福島県教育センター所報ふくしま No.108(H05/1993.8) -017/038page
随 想
子 供 の 「 援 助 者 」と し て 教育相談係長 水 谷 由 克
「もしもし,相談をお願いしたいのですが。 ・・・・ 実は,中3の息子がしばらく学校を休んでいます。どうしたらよいでしょうか。 ・・・・・ 」
午前8時30分。電話相談受付開始と同時に母親からの相談が入ってきました。電話の様子では,この母親は子供のことで悩み,きっと昨夜は一睡もできなかったに違いありません。電話ではまず,母親の気持ちを支えてやりながら子供の様子を聴き,当面の対応についてアドバイスし,後日,教育相談に来所することを勧めました。

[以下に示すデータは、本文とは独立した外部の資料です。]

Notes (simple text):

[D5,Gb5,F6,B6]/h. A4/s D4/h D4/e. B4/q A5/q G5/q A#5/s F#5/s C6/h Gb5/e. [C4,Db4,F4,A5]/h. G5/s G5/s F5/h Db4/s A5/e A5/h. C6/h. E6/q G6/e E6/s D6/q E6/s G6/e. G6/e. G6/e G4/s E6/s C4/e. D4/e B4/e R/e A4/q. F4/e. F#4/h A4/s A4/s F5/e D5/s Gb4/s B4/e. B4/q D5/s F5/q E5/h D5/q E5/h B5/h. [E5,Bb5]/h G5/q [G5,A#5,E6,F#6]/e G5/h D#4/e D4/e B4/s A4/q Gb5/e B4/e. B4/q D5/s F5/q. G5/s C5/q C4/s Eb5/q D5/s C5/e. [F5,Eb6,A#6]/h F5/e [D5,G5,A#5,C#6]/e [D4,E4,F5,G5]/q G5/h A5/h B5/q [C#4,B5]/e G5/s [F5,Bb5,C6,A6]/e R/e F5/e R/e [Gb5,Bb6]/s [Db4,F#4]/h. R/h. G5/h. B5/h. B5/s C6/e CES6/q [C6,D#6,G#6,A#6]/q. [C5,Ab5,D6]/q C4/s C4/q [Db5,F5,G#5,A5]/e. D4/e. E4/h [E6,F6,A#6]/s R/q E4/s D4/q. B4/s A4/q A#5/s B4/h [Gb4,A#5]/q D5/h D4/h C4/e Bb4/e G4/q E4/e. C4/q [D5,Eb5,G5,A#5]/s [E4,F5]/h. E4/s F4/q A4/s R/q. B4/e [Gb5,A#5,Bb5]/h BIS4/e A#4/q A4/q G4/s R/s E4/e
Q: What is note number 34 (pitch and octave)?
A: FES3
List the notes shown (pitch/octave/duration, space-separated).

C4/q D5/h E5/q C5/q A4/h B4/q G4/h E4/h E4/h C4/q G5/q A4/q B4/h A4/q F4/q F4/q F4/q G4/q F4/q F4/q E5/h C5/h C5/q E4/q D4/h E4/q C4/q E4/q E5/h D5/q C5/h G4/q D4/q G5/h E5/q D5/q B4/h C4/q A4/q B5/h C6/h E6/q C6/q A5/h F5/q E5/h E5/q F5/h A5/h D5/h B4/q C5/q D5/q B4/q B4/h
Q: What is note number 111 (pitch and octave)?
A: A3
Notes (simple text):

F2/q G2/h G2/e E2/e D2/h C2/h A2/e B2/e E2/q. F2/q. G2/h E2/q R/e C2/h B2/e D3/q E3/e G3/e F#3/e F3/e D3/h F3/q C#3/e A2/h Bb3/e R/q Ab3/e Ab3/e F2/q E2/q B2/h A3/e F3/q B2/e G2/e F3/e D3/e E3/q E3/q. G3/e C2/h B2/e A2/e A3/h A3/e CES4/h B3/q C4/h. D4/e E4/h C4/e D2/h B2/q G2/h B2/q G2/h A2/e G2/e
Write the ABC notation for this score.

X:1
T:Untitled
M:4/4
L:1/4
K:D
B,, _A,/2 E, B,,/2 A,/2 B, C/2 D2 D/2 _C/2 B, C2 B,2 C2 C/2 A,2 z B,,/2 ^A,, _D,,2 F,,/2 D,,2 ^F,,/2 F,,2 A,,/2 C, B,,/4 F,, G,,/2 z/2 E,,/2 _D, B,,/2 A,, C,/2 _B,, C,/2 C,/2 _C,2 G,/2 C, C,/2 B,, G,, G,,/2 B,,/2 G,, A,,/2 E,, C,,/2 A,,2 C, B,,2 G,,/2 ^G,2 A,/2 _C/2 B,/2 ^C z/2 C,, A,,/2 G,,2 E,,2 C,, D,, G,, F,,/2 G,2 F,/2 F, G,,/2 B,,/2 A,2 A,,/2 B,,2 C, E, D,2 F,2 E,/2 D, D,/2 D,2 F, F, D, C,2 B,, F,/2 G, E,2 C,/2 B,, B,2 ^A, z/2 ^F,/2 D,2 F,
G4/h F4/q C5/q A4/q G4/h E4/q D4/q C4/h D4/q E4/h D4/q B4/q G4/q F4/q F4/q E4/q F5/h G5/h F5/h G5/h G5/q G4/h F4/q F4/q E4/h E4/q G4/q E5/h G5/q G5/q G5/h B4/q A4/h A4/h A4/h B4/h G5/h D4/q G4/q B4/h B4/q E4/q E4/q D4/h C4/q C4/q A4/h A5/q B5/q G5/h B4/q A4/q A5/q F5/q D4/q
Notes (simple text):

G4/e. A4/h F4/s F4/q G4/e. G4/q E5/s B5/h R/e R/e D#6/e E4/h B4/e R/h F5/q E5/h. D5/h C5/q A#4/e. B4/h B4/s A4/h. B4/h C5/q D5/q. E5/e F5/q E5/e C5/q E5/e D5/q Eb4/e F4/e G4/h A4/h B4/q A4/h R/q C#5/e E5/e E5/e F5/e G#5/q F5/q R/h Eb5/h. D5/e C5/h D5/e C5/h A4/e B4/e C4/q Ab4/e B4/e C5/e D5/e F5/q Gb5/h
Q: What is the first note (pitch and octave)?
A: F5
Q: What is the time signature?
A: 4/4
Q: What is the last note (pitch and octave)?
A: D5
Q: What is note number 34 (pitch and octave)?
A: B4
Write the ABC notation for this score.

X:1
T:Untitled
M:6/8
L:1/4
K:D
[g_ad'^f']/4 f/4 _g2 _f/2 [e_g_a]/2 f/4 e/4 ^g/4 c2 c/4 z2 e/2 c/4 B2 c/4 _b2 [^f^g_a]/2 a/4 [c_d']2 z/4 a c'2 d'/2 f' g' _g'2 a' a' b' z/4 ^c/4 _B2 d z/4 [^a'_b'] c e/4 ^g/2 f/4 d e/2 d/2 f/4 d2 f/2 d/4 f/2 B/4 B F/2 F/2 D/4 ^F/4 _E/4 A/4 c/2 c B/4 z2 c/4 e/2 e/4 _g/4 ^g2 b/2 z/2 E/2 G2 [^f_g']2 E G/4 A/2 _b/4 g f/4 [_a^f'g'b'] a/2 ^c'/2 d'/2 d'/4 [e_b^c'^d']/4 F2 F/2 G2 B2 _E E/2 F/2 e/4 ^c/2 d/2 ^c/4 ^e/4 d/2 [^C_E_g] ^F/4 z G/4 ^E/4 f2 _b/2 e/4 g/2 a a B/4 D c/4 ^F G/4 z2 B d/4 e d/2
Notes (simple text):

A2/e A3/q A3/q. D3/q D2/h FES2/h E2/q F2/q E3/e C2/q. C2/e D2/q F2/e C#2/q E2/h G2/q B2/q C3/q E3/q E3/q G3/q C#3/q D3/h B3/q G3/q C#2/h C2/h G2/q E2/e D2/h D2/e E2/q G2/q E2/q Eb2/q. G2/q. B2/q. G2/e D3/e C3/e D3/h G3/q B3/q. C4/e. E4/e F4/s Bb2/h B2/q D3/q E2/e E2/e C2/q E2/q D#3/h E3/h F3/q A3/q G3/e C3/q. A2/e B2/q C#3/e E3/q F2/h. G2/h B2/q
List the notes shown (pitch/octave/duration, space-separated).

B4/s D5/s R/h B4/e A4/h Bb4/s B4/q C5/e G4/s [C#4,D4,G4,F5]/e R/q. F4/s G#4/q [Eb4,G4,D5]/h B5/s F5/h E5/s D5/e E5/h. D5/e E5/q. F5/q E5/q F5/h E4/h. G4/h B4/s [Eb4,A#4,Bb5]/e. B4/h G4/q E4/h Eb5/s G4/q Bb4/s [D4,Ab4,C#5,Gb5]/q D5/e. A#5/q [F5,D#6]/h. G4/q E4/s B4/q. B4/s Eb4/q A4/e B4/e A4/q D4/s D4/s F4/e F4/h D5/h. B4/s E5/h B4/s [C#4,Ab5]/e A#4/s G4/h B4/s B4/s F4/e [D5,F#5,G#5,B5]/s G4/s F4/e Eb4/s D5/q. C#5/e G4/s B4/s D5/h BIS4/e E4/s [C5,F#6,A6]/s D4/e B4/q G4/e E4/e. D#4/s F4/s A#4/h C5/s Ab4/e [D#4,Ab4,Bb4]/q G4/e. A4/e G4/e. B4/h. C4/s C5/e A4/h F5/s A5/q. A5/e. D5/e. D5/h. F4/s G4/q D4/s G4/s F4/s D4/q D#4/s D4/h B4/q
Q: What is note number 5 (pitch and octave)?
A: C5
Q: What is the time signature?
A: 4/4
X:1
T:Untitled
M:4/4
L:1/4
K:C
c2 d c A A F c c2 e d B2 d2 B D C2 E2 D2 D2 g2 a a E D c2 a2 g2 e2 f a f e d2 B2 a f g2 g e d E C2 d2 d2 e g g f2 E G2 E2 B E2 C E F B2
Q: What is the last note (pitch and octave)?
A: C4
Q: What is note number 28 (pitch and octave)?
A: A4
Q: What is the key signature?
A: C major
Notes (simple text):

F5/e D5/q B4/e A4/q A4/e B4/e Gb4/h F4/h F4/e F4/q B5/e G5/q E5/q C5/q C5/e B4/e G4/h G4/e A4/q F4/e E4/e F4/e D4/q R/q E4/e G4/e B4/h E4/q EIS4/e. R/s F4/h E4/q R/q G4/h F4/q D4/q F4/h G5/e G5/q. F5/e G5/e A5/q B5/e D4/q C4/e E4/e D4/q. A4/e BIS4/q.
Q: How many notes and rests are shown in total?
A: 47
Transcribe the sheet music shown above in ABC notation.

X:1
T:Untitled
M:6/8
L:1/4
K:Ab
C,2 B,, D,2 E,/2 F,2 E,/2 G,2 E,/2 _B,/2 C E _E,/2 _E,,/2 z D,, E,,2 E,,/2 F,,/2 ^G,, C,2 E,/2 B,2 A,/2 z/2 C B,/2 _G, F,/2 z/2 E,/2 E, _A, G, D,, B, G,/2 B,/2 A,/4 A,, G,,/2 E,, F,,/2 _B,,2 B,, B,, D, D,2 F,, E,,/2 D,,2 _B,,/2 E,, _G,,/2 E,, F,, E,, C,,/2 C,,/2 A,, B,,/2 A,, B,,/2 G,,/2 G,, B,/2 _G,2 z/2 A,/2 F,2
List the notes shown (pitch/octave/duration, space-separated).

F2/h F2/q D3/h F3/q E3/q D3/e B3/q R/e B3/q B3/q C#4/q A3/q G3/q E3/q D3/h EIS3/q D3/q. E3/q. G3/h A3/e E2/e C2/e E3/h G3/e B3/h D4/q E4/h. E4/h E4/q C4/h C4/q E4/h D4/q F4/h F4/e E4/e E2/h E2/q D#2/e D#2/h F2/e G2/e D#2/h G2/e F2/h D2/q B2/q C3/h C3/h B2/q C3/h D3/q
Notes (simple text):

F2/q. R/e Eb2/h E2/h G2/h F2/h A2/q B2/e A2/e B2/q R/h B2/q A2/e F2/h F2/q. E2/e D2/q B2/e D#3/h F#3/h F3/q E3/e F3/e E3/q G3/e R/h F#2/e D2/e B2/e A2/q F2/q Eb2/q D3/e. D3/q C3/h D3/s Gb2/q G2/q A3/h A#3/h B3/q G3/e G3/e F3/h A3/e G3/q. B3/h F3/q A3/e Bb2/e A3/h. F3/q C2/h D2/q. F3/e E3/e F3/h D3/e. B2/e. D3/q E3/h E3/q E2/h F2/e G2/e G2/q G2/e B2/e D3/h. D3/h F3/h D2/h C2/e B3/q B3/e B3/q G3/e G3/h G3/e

数日後,母親と共に相談に訪れたA男は,友人とのことや成績が思わしくないことで悩み,1ケ月ほど学校を休んでいる子供でした。面接はA男を友人関係や成績の縛りから解いてやることと,自分がどうなりたいかを相談者と一緒に考えることを中心に進めました。数回の面接の結果,A男は自分がどうなりたいのかを考えることができるようになり,さらに数回の面接で,彼は以前の元気を取り戻し,再び登校できるようになりました。勿論,この問題の改善には,家庭や学校からの協力があったことは言うまでもありません。
数年前から,教育相談に関する研修の機会が増え,教育相談的な対応が教師の間に旨実に広まりつつあります。そして,その成果も徐々に上がってきていると考えられます。しかし,教師が単に教育相談に関する知識や技術を身に付けるだけでは,子供の「援助者」として,何か片手落ちのような気がしてなりません。心に悩みを持つ子供が,自らその問題を解決し,意欲的に生きていこうとする気持ちを育んでいくために,教師は「指導者」としての枠を取り払った一人の「人間」として,子供と共に考え,語り合える存在であることが必要なのではないかと考えます。
友人とのトラブルから学校に行けなくなった子供。家庭でのストレスを無言のまま訴える子供。教師との関係がうまくいかずに学校生活に悩みを持っている子供。これらの子供たちが,教育相談を通して自分を語り,自分を見つめ,相談者の「人間」に触れながら,再び心の健康を取り戻していくという変容からは,子供の持っている遅しい生命力が伝わってくると同時に,大きな感動を覚えるものです。
日々の教育相談の中で,子供を生かすとはどのようなことか,また,そのために教師はどのように役立っことができるかを考えるとき,まずその基盤として,「援助者」としての教師と子供との間に,共に考え,語り合える関係を樹立することが,欠かせないことであると確信するものです。